The A.V. Club: The readers came up with these so this is totally not my fault.
NM: Do your job, interviewer! Don’t ask me what you’d want me to ask.
2. If you could ride a giant version of an animal to work every day, what animal would it be?
NM: I think it would be a hawk or some sort of flying creature, because I work at Fox, which is completely on the other side of town from where I live, and I deal with insane traffic. So I would love to be able to fly above Los Angeles and not deal with that whatsoever. And it would also look cool upon landing.
AVC: That’s a good point.
NM: Like a huge dragon-sized hawk, how awesome would that be?
AVC: You’ll have to figure out what kind of hawk, specifically, but you can do that on your own time.
NM: I don’t really know the different classifications of hawks.

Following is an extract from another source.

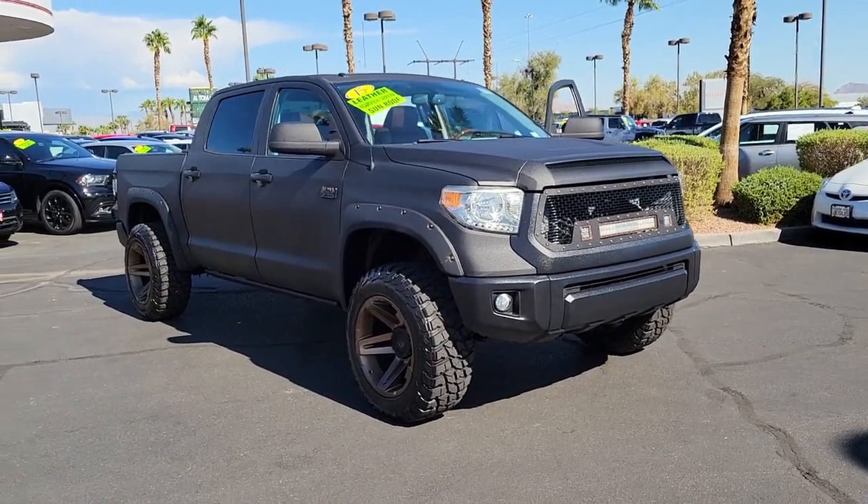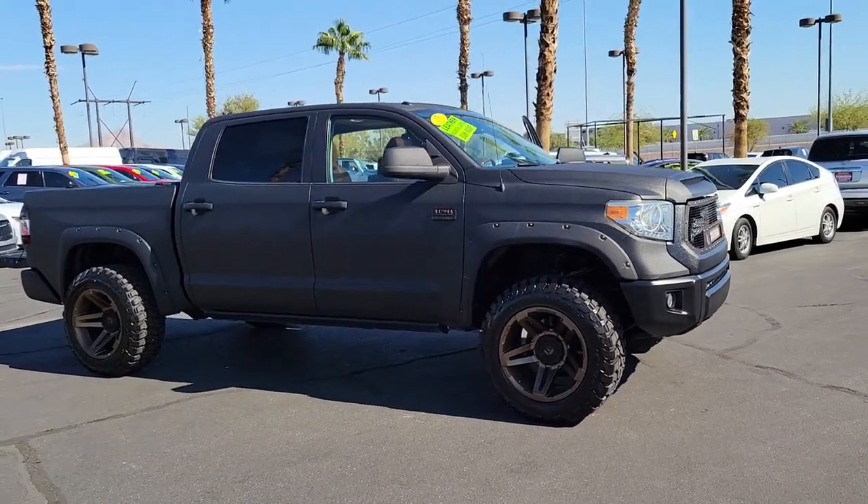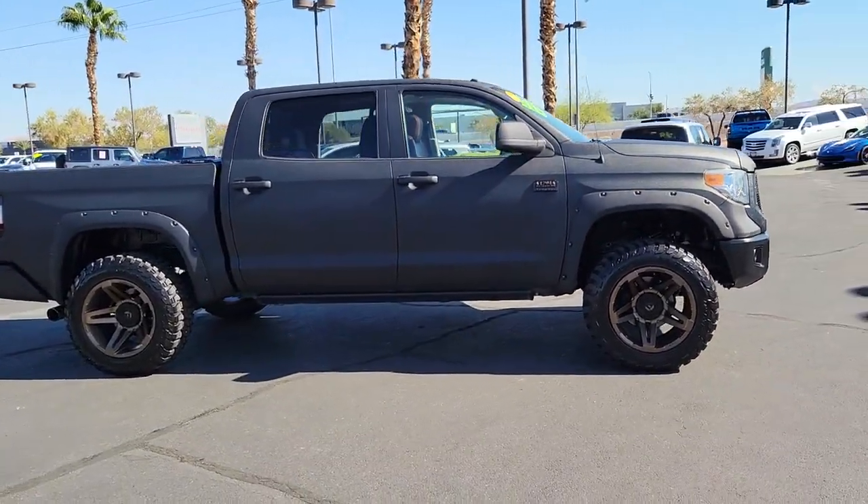Here is a wonderful 2015 Toyota Tundra with less than 45,000 miles on the odometer. This vehicle stands out from the rest.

AVC: You could just ask for one that looks cool.
NM: Just a cool hawk.
3. What movie have you seen the most?
NM: That’s probably a tie between a few and they’re very starkly different. Because there are just several movies that, if they’re on TV I will just have to watch them. I can’t not watch them. One of them is Alien. Another one is Clueless. And—this is not on TV as much but I watch it a lot for just interest and study—but I also really like Sherlock Jr.
AVC: Why those three?
NM: Alien is just one of those movies that I just love watching. I could watch that over and over and over. And Clueless is one where I know literally every word and every sound or grunt or sigh everyone makes in that movie. At all. I’ve just seen it so many times.
Sherlock Jr. is just a really brilliant movie, so whenever I’m in a writing slump or a directing slump and I don’t know what creative thing to do next, I watch pretty much any Buster Keaton movie, but that one specifically really speaks to me.
AVC: Do you have it on DVD? Are you watching it online?
NM: I have every Buster Keaton box set that’s ever come out. I own everything that he’s ever done on DVD.
AVC: How did you get into Buster Keaton?
NM: I got into Buster Keaton mostly because of my friend Dane, but really, one of the great things about L.A. is—Well, now it’s Cinefamily, when I first moved here it was the Silent Movie Theater, and they would do runs of silent movies. When I first moved here my friend Dane took me to see a Buster Keaton movie, and then I was like, “Okay, guess I have to see every single one that has ever come out. Because this is most inspiring thing.” I’d never connected to anything more than that. I am the soulmate of a man who died 30 years before I was born. A guy who is literally 110 years older than me is my soulmate, and I was watching him on screen. So it just really blew my mind, and that’s how I got into him.
AVC: Are you into his story too, or just his movies? Have you read books or listened to podcasts about Buster Keaton?
NM: I know a lot about him in a maybe unhealthy way. This is super-creepy and macabre but one day, I had an audition at Warner Brothers and I was there really early or they asked me to come back two hours later or something. I didn’t know what to do and I was just kind of hanging around, and I was super nervous because it was a test or something, but right across the street from Warner Brothers is the Forest Lawn Cemetery. I had read at some point he was buried there, and I was like, hey, maybe I’ll go try to find Buster Keaton’s grave. And I did. I found it. And then there were no flowers or anything, nothing there. It was like this great, unbelievable person had been forgotten. And so now any time I go to Burbank or I’m around that area I go and take flowers, which is really weird, I know. I’m completely aware that it’s very weird. But I feel like I have to, or I should… I don’t know.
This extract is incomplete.